----- RECORDS FOR THIS TASK

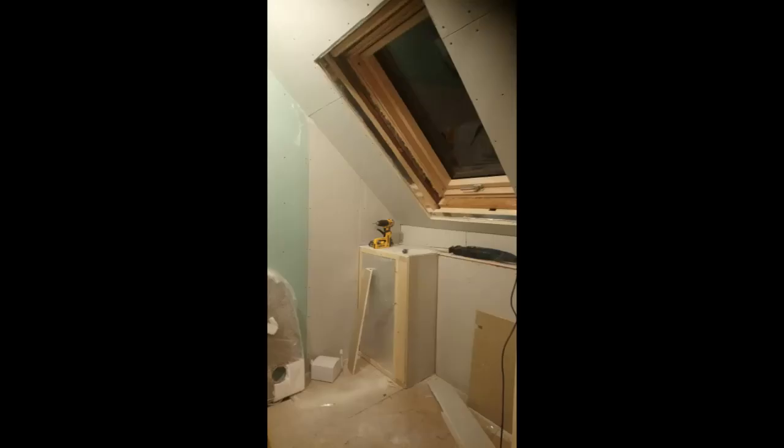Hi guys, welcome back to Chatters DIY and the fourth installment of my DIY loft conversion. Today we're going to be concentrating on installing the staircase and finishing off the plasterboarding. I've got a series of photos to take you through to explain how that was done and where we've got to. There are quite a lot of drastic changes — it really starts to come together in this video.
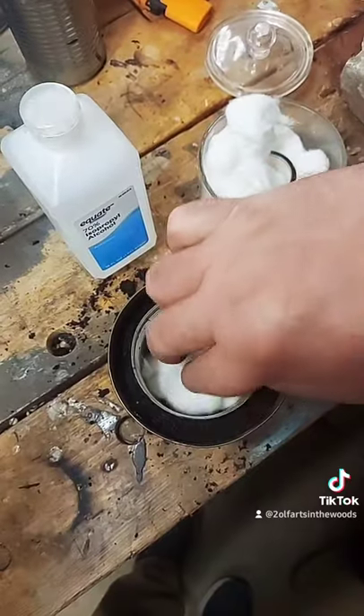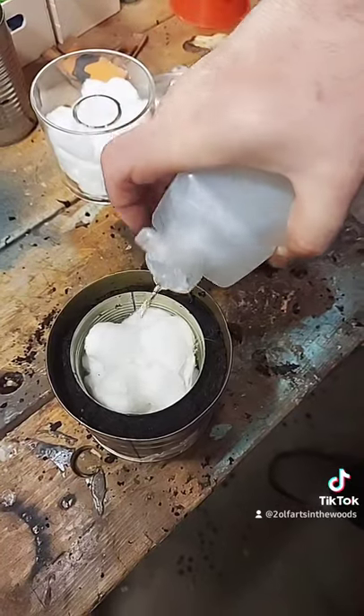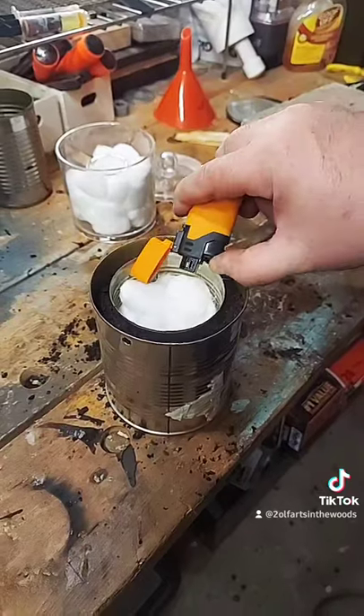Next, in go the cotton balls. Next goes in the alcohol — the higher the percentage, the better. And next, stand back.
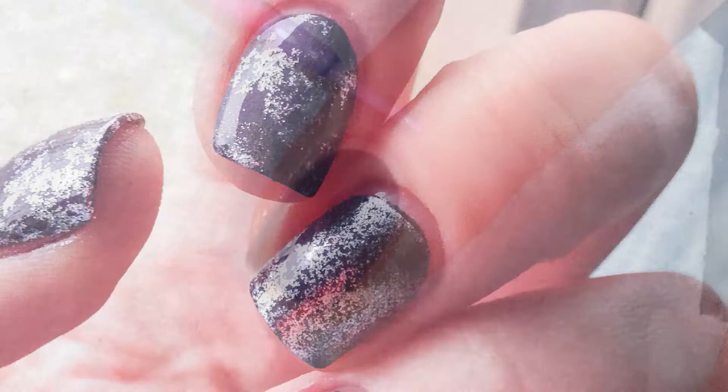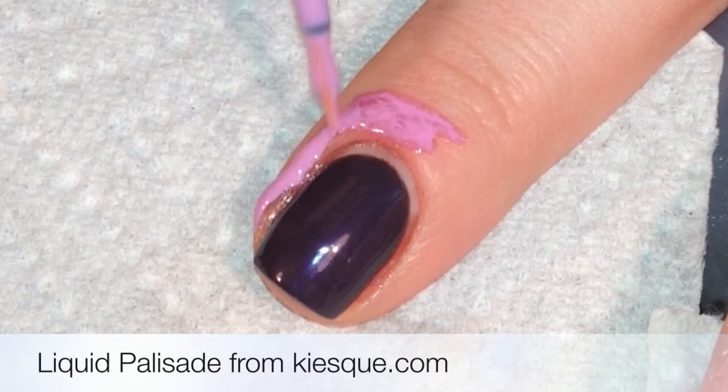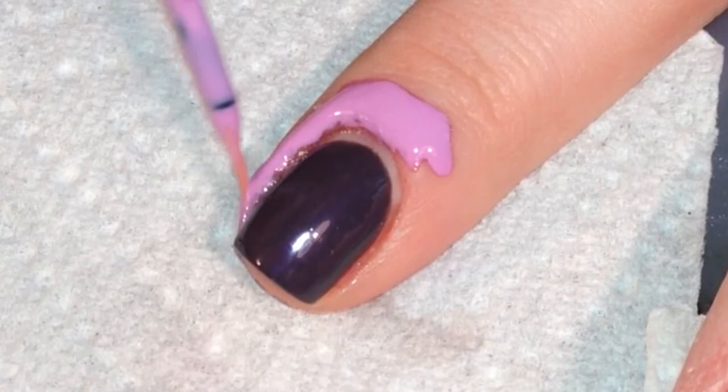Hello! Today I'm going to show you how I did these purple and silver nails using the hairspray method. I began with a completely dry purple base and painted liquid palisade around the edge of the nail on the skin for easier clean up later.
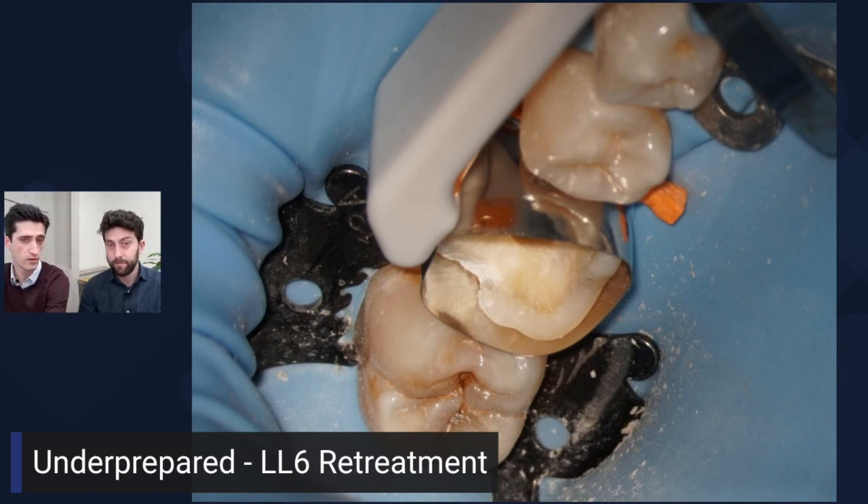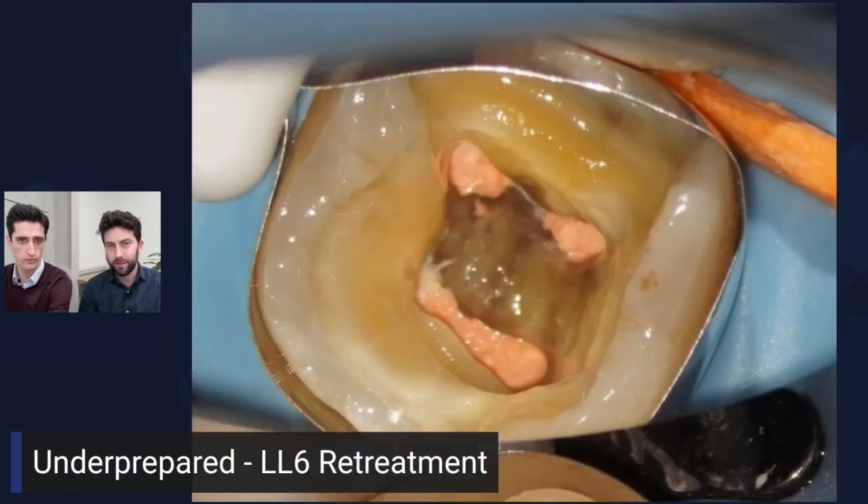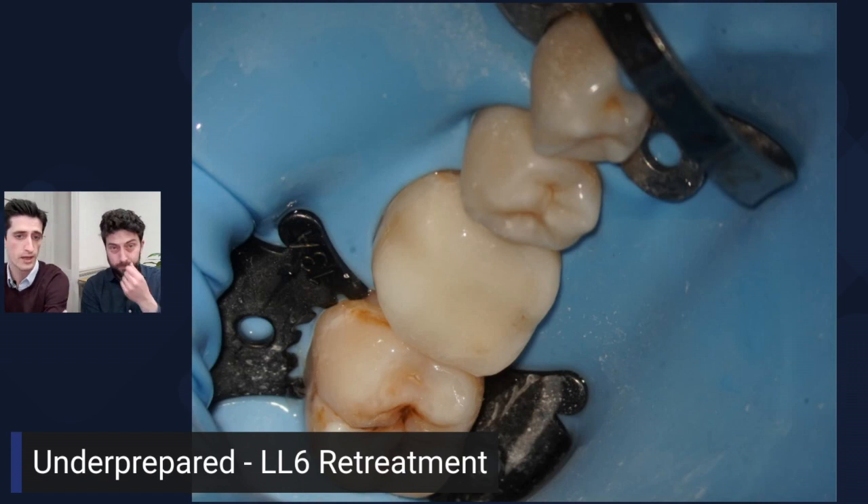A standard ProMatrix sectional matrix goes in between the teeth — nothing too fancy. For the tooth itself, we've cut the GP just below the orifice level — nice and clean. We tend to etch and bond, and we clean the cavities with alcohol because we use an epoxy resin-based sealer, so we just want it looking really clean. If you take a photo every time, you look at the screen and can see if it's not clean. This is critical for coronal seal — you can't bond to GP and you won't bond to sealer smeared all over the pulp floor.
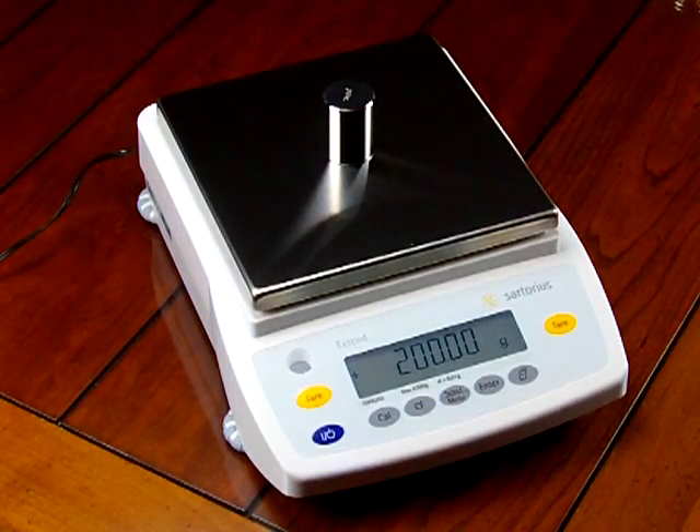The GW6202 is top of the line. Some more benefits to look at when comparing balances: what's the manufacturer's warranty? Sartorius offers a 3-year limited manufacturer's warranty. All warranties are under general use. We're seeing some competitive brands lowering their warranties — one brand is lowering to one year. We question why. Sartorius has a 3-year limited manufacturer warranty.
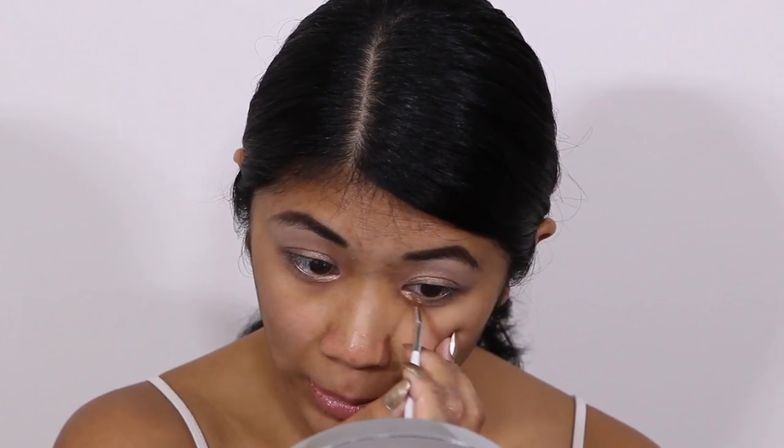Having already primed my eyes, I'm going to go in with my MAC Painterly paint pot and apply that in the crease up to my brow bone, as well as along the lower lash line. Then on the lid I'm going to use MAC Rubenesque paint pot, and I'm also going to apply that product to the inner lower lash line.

----------

* INSTRUCTIONS TO FOLLOW: Return exactly the lines above, from the one with "Next, in go" up to and including the one with "Hello! Today I'm", and include no pictures.

* EXPECTED ANSWER:
Next, in go the cotton balls. Next goes in the alcohol — the higher the percentage, the better. And next, stand back.
Hello! Today I'm going to show you how I did these purple and silver nails using the hairspray method. I began with a completely dry purple base and painted liquid palisade around the edge of the nail on the skin for easier clean up later.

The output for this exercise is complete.